Bug 19941 - Premature shift to two-byte mode in stateful encoders?
Summary: Premature shift to two-byte mode in stateful encoders?
Status: RESOLVED FIXED
Alias: None
Product: WHATWG
Classification: Unclassified
Component: Encoding (show other bugs)
Version: unspecified
Hardware: All Windows 3.1
: P2 normal
Target Milestone: Unsorted
Assignee: Anne
QA Contact: sideshowbarker+encodingspec
URL:
Whiteboard:
Keywords:
Depends on:
Blocks:
 
Reported: 2012-11-11 22:58 UTC by pub-w3
Modified: 2013-01-15 10:13 UTC (History)
2 users (show)

See Also:


Attachments

Description pub-w3 2012-11-11 22:58:29 UTC
The hz-gb-2312 encoder shifts to two-byte mode (i.e., emits the shift sequence ~{ or 7E 7B) whenever a non-ASCII character is seen (and the encoder is not in two-byte mode already), without checking whether the character is actually encodable (part of GB2312).  If it is not, an encoder error will be emitted next, which means that 1) for a terminating encoder, the output will end with a useless shift sequence, and 2) for a non-terminating encoder, the two-byte shift will have to be followed immediately by a one-byte (ASCII) shift (~} or 7E 7D) before the ASCII representation of the unrepresentable character.

It seems better not to output shift sequences with no purpose.
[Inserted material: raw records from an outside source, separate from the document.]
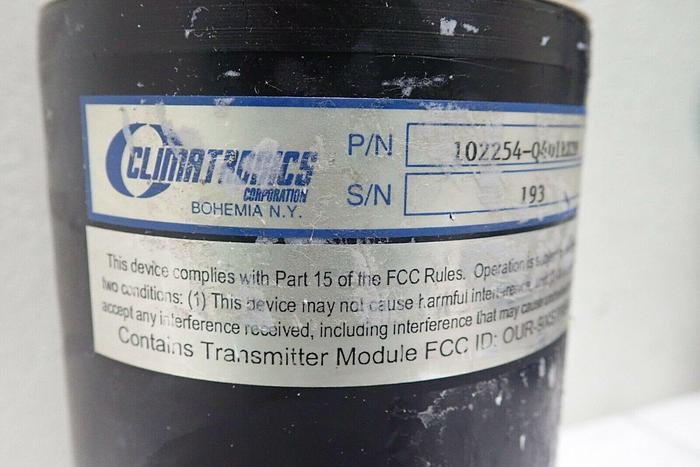 Used Climatronics 102254-Q4D1EXXM Tacmet II Second-Generation Weather Sensor w/ Case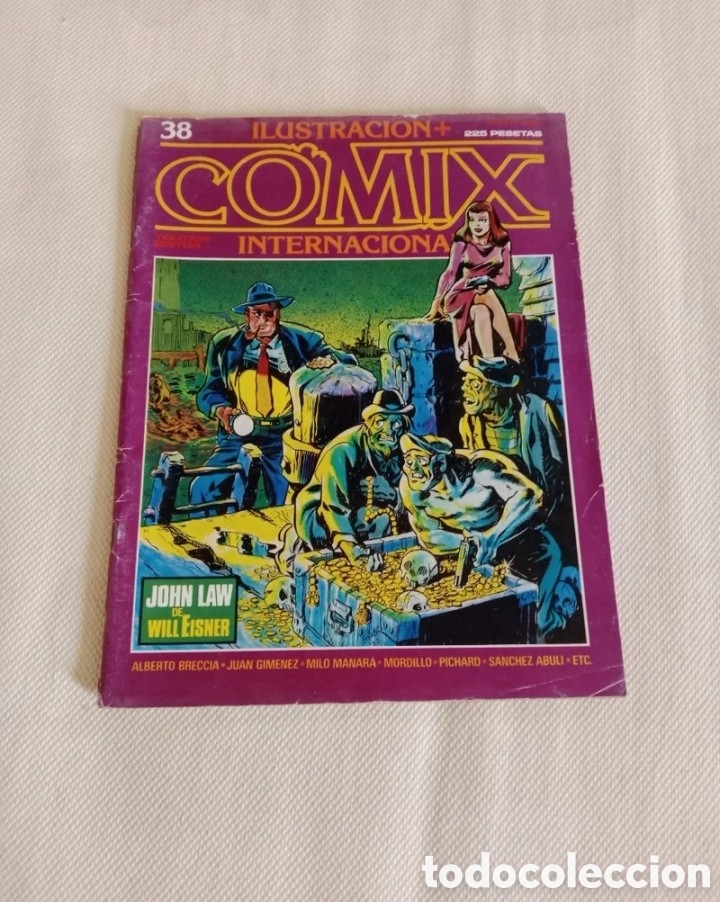 Tebeos: Revista Comix. Comic antiguos - Foto 8
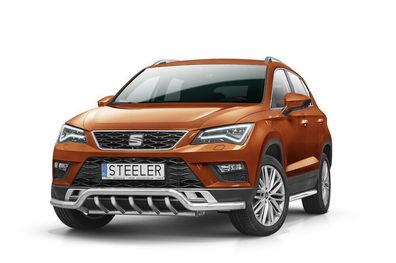 Frontbügel Frontschutzbügel EC FÜR SEAT ATECA 2016- ATECA-L1660-07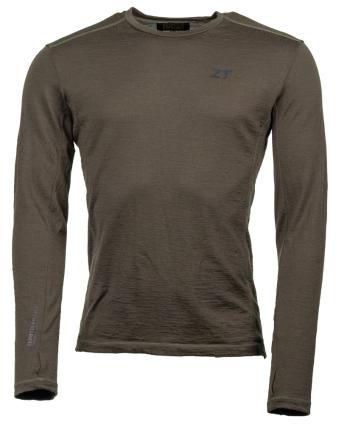 Nash termoprádlo vrchný diel zero tolerancia merino stage 1 top - xl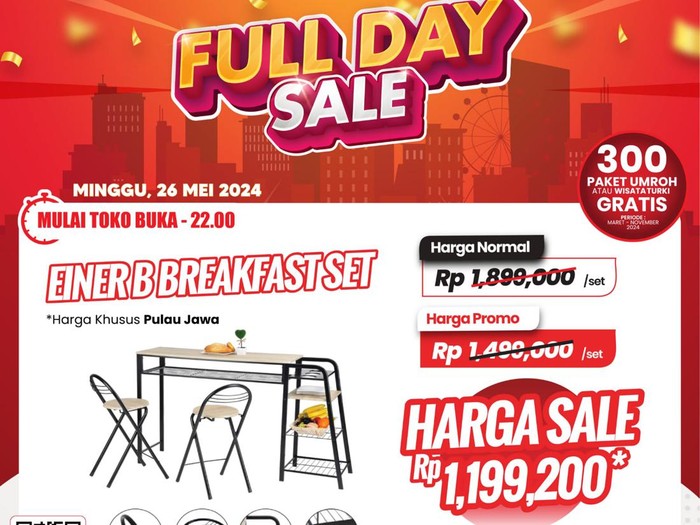 Transmart Full Day Sale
This issue also applies to the encoders for ISO-2022-JP and ISO-2022-KR.
Comment 1 Anne 2013-01-14 11:24:21 UTC
Okay, so for the hz-gb-2312 encoder we could switch 7 and 8 and add to the new 8 the additional condition that pointer is not null.

A similar type of fix works for the other encoders as far as I can tell.
Comment 2 pub-w3 2013-01-14 19:16:23 UTC
Yes, that should work.

Moving 7 to after 9 would be slightly simpler and might give the same result.